Poco spazio per l'imprevisto
Oggi spesso succede il contrario: tutto funziona e niente ci sorprende. Forse è perché quei limiti tecnici così stringenti non esistono più, o forse perché abbiamo imparato e codificato, con anni e anni di esperienza, il modo di aggirarli. Sembra però che, da quando abbiamo superato il concetto dei limiti tecnici, tutto si sia appiattito. E questo rende sicuramente più piacevole l'approccio, grazie a pochi problemi dal punto di vista tecnico e meccaniche che ormai abbiamo interiorizzato e che ci consentono di non dover reimparare ogni volta schemi, controlli astrusi e poco intuitivi. Il problema è che, a volte, in esperienze di questo tipo, c'è poco spazio per l'imprevisto.

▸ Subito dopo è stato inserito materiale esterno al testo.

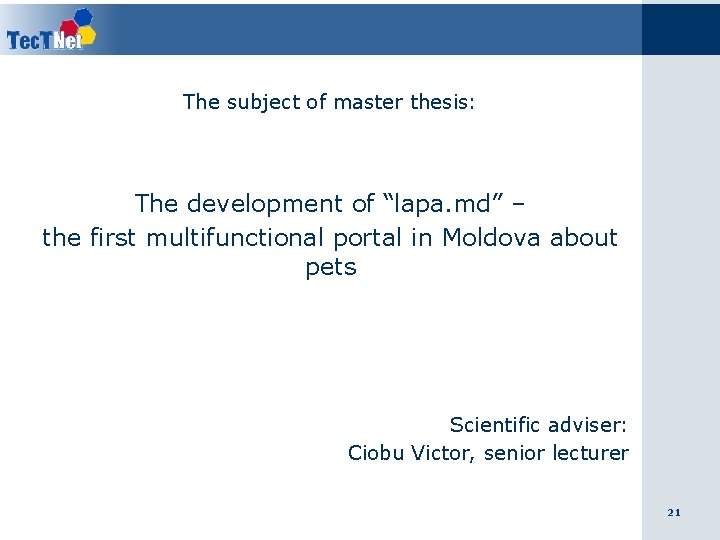 The subject of master thesis: The development of “lapa. md” – the first multifunctional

C'è un videogioco recente che è un caso interessante da analizzare, ormai a freddo, dal momento che è uscito mesi fa, ed è Slitterhead di Bokeh Studio. Anch'esso, in qualche modo, eredita un modo di fare videogiochi nipponici che proviene dalle generazioni del passato: piene di ruvidità ma altrettanto affascinanti. Visivamente bizzarro, narrativamente criptico, totalmente fuori dagli schemi dal punto di vista estetico, però Slitterhead è indubbiamente un'opera che ha qualcosa da dire. Eppure è stato difficile accoglierlo a braccia aperte, dal momento che è un videogioco così diverso nelle intenzioni, nelle meccaniche e nelle ispirazioni rispetto a tutto ciò a cui siamo abituati.

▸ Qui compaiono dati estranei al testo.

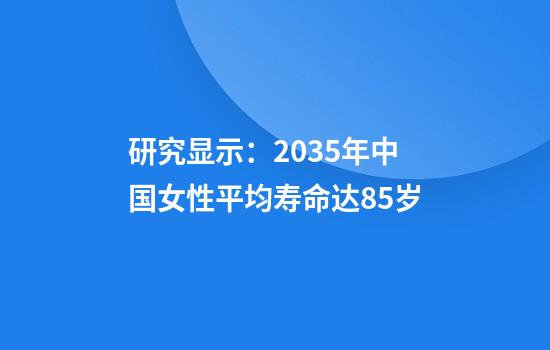 研究显示：2035年中国女性平均寿命达85岁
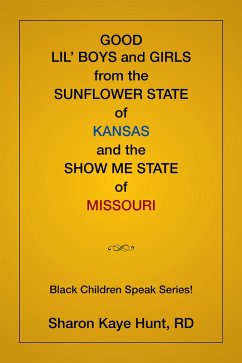 Good Lil' Boys and Girls from the Sunflower State of Kansas and the Show Me State of Missouri (eBook, ePUB) - Hunt, Sharon Kaye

Slitterhead parla una lingua tutta sua, ha un'identità visiva e narrativa unica, un'atmosfera urbana decadente che rimanda ai film di Wong Kar-wai, sa pescare dal body horror sperimentale e dal thriller sociale giapponese. Ha degli enormi difetti, ma sono parte integrante della sua identità, come lo strambo blaterare dei suoi personaggi, doppiati in maniera curiosa al punto che sembrano mugugnare senza senso, la frammentazione della scrittura, il sistema di combattimento semplice e sbilenco. Ma se fosse stato più rifinito, più convenzionale, forse sarebbe stato un videogioco d'azione come un altro.

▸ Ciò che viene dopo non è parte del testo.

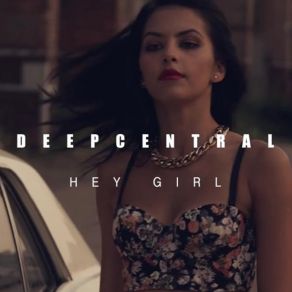 Download track Hey Girl (Dreaming Of Moscow) Deepcentral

Come per Silent Hill 4: The Room, che con il tempo è diventato un videogioco di culto, la rigidità di alcuni elementi non dovrebbe essere vista esclusivamente come un fallimento tecnico. Sembra però che un videogioco che oggi si presenta con qualche meccanica fuori dallo standard, e viene inevitabilmente posto in confronto con produzioni super levigate, rischi di perdere la possibilità di essere apprezzato per ciò che offre. Difficile pensare che esista una soluzione per questo - e di certo io non ne ho una -, ma un videogioco come Slitterhead ci mette in estrema difficoltà quando dobbiamo giudicarlo secondo uno standard.
Il valore dei videogiochi strani
Forse è perché giocare a titoli sempre molto simili, sempre più in continuità a livello di meccaniche e dinamiche di gioco, ha impigrito il nostro cervello. Come accennato in precedenza, è più facile salire a bordo di un'opera che sappiamo già grosso modo come funziona, che sia già stata decodificata. A una parte del nostro cervello non piace il titolo che spezza certe regole e certe aspettative. Un altro esempio che è inevitabile citare è Death Stranding, specialmente perché viene fuori da un autore, ovvero Hideo Kojima, che non ha mai puntato alla perfezione convenzionale, quanto piuttosto a una forma espressiva che si è rivelata spesso controversa.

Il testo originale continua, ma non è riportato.